Stegasaurus
As communities have increasingly moved online, so has the machinery of the authoritarian and surveillance state. As demonstrated by Apple’s recent removal of the Taiwanese flag emoji and HK Maps from its platforms, the state often uses their power to curtail access to content it deems reprehensible. This makes platforms extremely vulnerable to censorship, as they can be easily banned. For example, Signal and Tor are less than effective in China because they can be blocked by the state.
To get around this problem, one needs to be able to send secret messages in a way that observers cannot detect. If the state can see that a secret message is being sent, they can block it or begin targeting the sender. To this end, we present Stegasaurus. With Stegasaurus users can embed encrypted text into otherwise benign images and post those to any content hosting platform.
Stegasaurus uses an OpenPGP encryption scheme and a research-informed method for text embedding that is resistant to JPEG compression. Stegasaurus is careful to encode secret messages into images in a way that is both resistant to statistical attacks and imperceptible to the human eye. As a result, a person with a copy of Stegasaurus can embed text into an innocuous selfie, post it on a platform like WeChat, and secretly encode a message to anyone who has a public PGP key.
How we built it
Stegasaurus intentionally avoids dependencies on external libraries for the sake of portability and platform agnosticity.

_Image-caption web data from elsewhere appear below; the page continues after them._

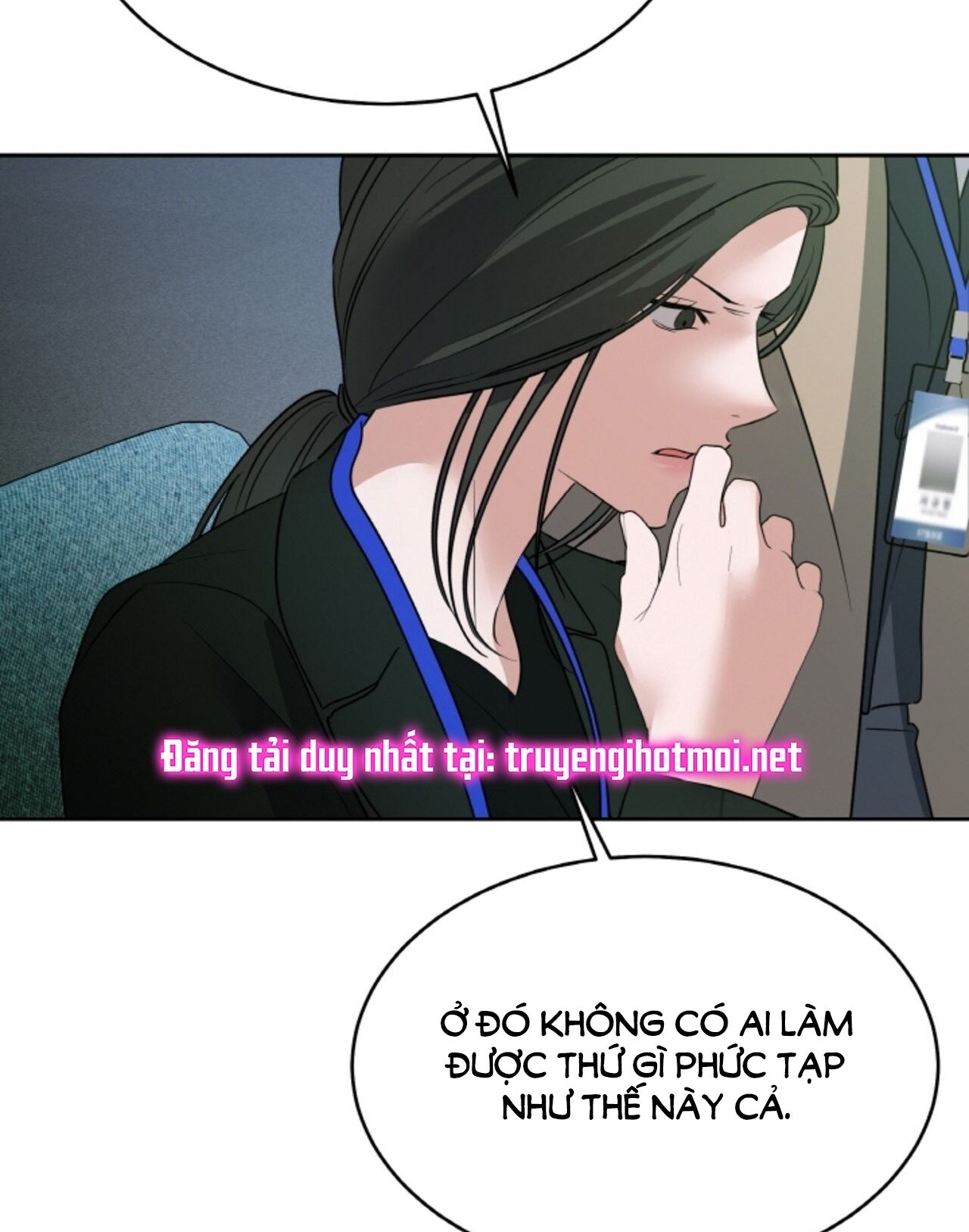 [18+] thời khắc giao mùa Chap 44 - Next 44.1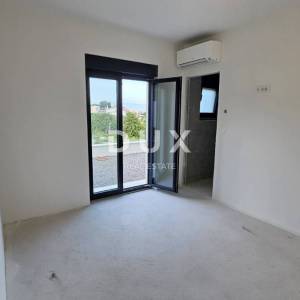 OPATIJA, LOVRAN - luksuzan stan 94m2 na katu, 300m od mora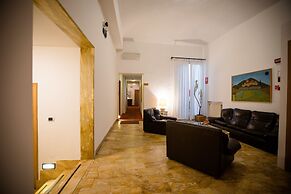 Hotel Duomo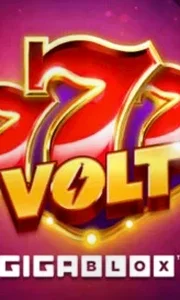777 Volt GigaBlox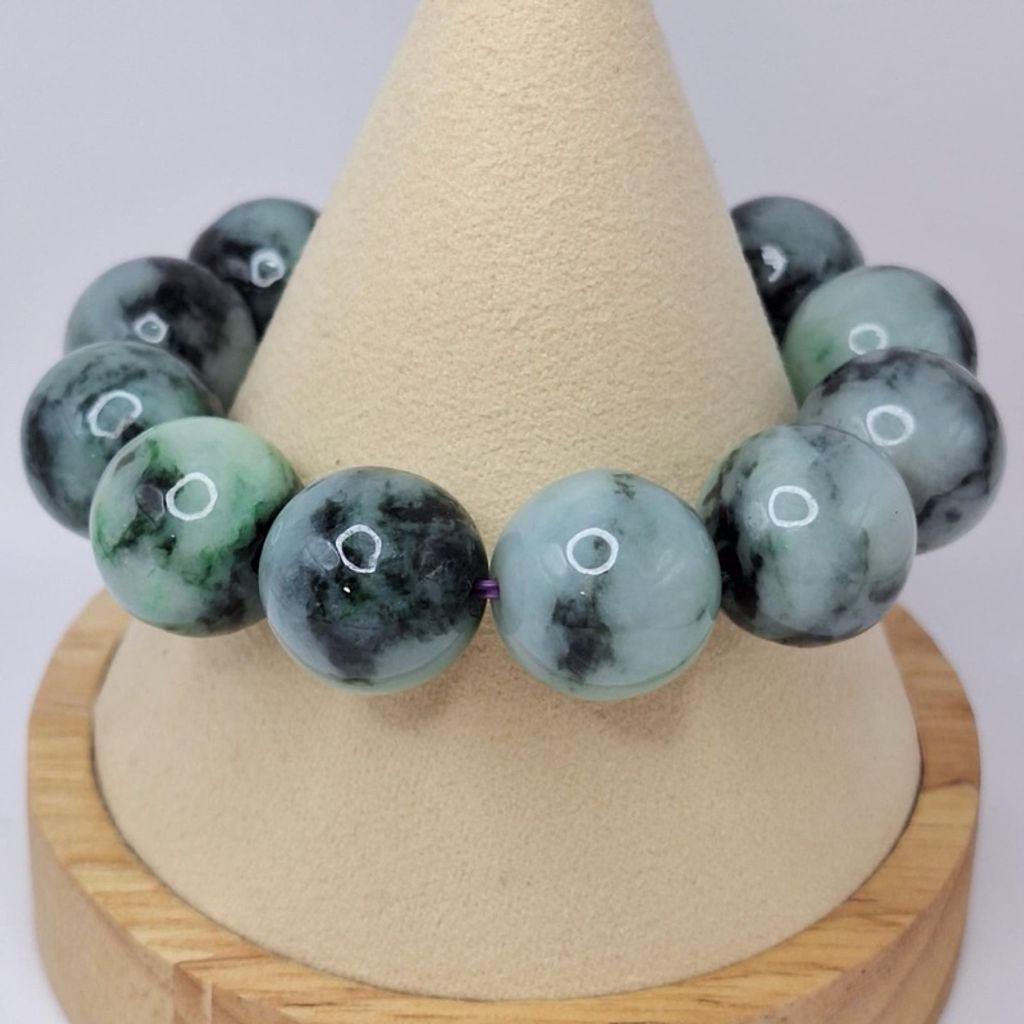 tw-11134207-7r98s-lyajzhn4b5kke3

We imagine it being used in a world where access to libraries and other tools may be extremely censored. Under the hood, Stegasaurus runs in a web browser. Its backend server is written entirely in standard library python and it's only external dependencies are OpenCV and Numpy. In the future, we’d like to port Stegasaurus to Javascript so that literally anyone with a web browser can run it.
Challenges we ran into
Encoding text in JPEG images is very difficult as JPEG employs a lossy compression scheme. Stegasaurus supports JPEG though by embedding text in the coefficients of the DCT of an image. In order to encode text into JPEG images, Stegasaurus performs the DCT over 8x8 pixel blocks in the image. It then encodes text according to the relationship between the coefficients in the DCT. This work isn’t in the main branch of Stegasaurus yet, but it is working in the zeke-DCT
branch.
Accomplishments that we're proud of
It works, and it's pretty. What more could you want?
What we learned
It was neat to apply our math classes to a project. Much of Stegasaurus is an exploration of error correction, redundancy, and interacting with the frequency domain. This was a very direct application of our coursework in EE16B and CS70.
What's next for Stegasaurus
We'd like to make Stegasaurus more platform agnostic and more easily distributed the future. To this end, we plan to port it to Javascript and explore distribution techniques that don't rely on the internet. For example, distributing it via self replicating flash drives or embedding its source code into the blockchain.
What's next for us
If any of us disappear, you can probably guess who did it.